GR20151029 AP5. Interpellatie van raadslid Werner Somers betreffende de uitspraken van de schepen van ruimtelijke ordening Tania De Jonge over de afwikkeling van het vrachtverkeer dat zal worden gegenereerd door de leemontginningsactiviteiten van ODM (dat

Volgende motivering wordt door de heer Werner Somers in zijn interpellatie:

 

“Onlangs liep een openbaar onderzoek af dat werd gehouden over een door ODM (Ontginningen Demets Moorslede NV) ingediende aanvraag voor een stedenbouwkundige vergunning met betrekking tot de uitbreiding van leemontginningsactiviteiten aan het Hof ter Duyst. De aanvraag voorziet in de afwikkeling van het vrachtverkeer van en naar de site via de Galgenveldbaan naar de Lebeke.

 

In een interview met Ninofmedia (https://www.youtube.com/watch?v=Ju16tPfZNPw) heeft schepen van Ruimtelijke Ordening Tania De Jonge het over projectvoorstellingen waarbij de stad Ninove betrokken was. Die voorstellingen zouden vooral hebben gehandeld over de nabestemming van de ontgonnen gronden. Aldus suggereert de schepen dat de stad niet op de hoogte was van de plannen voor de afwikkeling van het vrachtverkeer via de Lebeke. Tegelijk noemt zij die plannen „bijna onaanvaardbaar” en „nefast voor de dorpskern van de Lebeke”, waarbij zij tevens verwijst naar het feit dat de Galgenveldbaan vaak wordt gebruikt door ruiters, mountainbikers, joggers en wandelaars. Het is volgens haar „onverantwoord om dat vrachtverkeer langs de Galgenveldbaan naar de Lebeke te sturen”. De lokale wegeninfrastructuur leent er zich immers niet toe en de geplande uitwijkstroken zijn niet voldoende voor zoveel vrachtverkeer.

 

Het voorgaande is merkwaardig in het licht van een aantal passages in de door ODM ingediende projectnota, die deel uitmaakt van het stedenbouwkundige vergunningsdossier. Zo lezen we op blz. 28 van die nota over de ontsluiting via de Galgenveldbaan het volgende:

 

„Vanaf het projectgebied wordt alle verkeer naar de Lebekestraat/Groenstraat geleid. Via de semi-verharde veldweg Galgenveldbaan. Dit geldt zowel voor aanvoer als voor afvoer. Zodoende is er geen enkel gebruik van de Lindestraat, Lindendreef of van de Denderhoutembaan ingevolge het project.

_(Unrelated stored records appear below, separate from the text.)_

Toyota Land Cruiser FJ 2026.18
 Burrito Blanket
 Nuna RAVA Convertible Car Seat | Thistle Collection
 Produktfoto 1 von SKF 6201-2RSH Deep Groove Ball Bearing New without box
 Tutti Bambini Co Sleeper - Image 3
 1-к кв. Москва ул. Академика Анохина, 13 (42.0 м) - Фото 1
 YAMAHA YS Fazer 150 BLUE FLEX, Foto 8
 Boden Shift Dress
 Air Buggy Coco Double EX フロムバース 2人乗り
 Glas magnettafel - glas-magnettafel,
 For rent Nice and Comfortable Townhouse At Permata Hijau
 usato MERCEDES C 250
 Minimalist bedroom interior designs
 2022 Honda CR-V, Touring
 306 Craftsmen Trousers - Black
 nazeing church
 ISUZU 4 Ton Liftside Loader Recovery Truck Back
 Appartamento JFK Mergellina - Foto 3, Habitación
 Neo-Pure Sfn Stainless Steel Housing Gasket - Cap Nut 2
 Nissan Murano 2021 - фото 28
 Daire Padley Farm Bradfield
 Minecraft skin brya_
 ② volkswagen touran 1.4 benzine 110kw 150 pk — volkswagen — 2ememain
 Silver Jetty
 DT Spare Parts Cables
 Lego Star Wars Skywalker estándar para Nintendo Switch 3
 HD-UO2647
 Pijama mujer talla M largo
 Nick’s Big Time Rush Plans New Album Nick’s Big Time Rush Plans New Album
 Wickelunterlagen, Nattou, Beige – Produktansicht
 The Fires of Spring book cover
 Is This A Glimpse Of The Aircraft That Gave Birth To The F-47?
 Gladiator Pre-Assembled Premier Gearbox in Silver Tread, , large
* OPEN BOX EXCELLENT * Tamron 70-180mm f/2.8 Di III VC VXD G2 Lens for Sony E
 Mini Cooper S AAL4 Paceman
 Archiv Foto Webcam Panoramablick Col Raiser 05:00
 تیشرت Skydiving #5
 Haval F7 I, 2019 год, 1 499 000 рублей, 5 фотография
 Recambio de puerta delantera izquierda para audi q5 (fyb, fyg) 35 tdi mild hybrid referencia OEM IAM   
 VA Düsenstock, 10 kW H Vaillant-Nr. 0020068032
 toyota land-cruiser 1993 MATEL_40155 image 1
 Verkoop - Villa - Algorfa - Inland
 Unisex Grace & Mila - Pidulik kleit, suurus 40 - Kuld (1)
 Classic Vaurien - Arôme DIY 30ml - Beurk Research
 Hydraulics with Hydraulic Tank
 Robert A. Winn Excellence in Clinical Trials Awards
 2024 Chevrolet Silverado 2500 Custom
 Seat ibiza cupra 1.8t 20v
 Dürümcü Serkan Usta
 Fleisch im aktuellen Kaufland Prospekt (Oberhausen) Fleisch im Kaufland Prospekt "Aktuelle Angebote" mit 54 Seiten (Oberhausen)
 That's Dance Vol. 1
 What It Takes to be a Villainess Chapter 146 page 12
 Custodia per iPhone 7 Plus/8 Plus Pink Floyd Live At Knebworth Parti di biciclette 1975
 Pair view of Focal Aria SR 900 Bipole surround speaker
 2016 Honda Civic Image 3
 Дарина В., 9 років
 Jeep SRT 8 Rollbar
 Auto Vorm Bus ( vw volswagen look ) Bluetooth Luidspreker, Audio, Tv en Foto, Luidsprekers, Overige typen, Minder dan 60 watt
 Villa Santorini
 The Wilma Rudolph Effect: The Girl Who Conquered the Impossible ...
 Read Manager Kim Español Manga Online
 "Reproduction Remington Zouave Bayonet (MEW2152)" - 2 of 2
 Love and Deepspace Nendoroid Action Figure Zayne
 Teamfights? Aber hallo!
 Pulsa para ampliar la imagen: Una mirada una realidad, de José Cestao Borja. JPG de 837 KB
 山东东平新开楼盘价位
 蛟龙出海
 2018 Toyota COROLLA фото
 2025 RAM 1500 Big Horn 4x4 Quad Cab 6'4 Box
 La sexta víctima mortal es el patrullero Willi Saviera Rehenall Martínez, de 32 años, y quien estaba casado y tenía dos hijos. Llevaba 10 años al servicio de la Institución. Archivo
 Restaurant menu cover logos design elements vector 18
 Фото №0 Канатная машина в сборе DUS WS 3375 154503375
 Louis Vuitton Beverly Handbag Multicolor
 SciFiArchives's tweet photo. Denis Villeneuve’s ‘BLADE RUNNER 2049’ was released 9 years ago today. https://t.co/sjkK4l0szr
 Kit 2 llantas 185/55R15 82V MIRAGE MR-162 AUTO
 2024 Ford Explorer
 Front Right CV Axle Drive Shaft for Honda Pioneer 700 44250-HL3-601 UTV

Dit is een randvoorwaarde die tot stand gekomen is in overleg met de stad Ninove. De aan- en afvoer via de Galgenveldbaan dient zodoende als een projectkenmerk te worden beschouwd." (Mijn cursivering)

 

Voorts lezen we op blz. 78 van dezelfde nota onder punt 3.5.2.2 („Effect op het vlak van verkeersveiligheid. Verkeersveiligheid langs de Galgenveldbaan”) het volgende:

 

In overleg met het Schepencollege van de stad Ninove werd bekeken of een tijdelijk omleiding van de recreatieve routes zich opdringt om redenen van verkeersveiligheid. Dit werd evenwel niet noodzakelijk geacht om volgende redenen:

 

[...]” (Mijn cursivering)

 

Gelet op een ander wens ik de schepen van Ruimtelijke Ordening de volgende vragen te stellen.

 

Vragen

 

1. Hoe vallen de uitspraken van de schepen van Ruimtelijke Ordening te rijmen met de aangehaalde passages uit de projectnota van ODM?

2. Wanneer vond het overleg tussen ODM en de stad Ninove over de afwikkeling van het vrachtverkeer plaats?

3. Heeft de stad Ninove zich tijdens dat overleg inderdaad akkoord verklaard met de afwikkeling van het vrachtverkeer via de Galgenveldbaan?

4. Zo ja, waarom beweert de schepen van Ruimtelijke Ordening het tegendeel? Zo niet, beweert de schepen van Ruimtelijke Ordening dan met zoveel woorden dat de projectnota leugens bevat?”